Credal Concept Bottleneck Models: Structural Separation of Epistemic and Aleatoric Uncertainty
Tanmoy Mukherjee, Marius Kloft, Pierre Marquis, Zied Bouraoui
TL;DR
This work addresses the challenge of disentangling epistemic uncertainty (EU) from aleatoric uncertainty (AU) in predictive models. It introduces Credal Concept Bottleneck Models (Credal CBMs) that represent uncertainty as ellipsoidal credal sets parameterized in logit space, with EU determined by the credal set size and AU by within-set noise, and enforces structural separation via a frozen encoder and disjoint gradient signals across three heads.
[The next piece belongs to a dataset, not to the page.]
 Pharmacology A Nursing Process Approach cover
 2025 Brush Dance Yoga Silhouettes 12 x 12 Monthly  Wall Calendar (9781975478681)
A Credal ELBO incorporating a Hausdorff KL regularizer ensures the credal set remains well-behaved while enabling gradient isolation, with theoretical guarantees of gradient separation and decorrelation. Empirically, the method achieves near-zero EU–AU correlation across multiple datasets (CeBaB, GoEmotions, MAQA*, AmbigQA*), improves alignment of EU with prediction error and AU with ground-truth ambiguity, and supports actionable quadrant-based routing for downstream tasks. The approach offers a principled design principle for trustworthy AI, enabling targeted decisions such as data collection, human review, or abstention based on the source of uncertainty, while outlining practical considerations and limitations for deployment.
Abstract
Decomposing predictive uncertainty into epistemic (model ignorance) and aleatoric (data ambiguity) components is central to reliable decision making, yet most methods estimate both from the same predictive distribution. Recent empirical and theoretical results show these estimates are typically strongly correlated, so changes in predictive spread simultaneously affect both components and blur their semantics. We propose a credal-set formulation in which uncertainty is represented as a set of predictive distributions, so that epistemic and aleatoric uncertainty correspond to distinct geometric properties: the size of the set versus the noise within its elements. We instantiate this idea in a Variational Credal Concept Bottleneck Model with two disjoint uncertainty heads trained by disjoint objectives and non-overlapping gradient paths, yielding separation by construction rather than post hoc decomposition. Across multi-annotator benchmarks, our approach reduces the correlation between epistemic and aleatoric uncertainty by over an order of magnitude compared to standard methods, while improving the alignment of epistemic uncertainty with prediction error and aleatoric uncertainty with ground-truth ambiguity.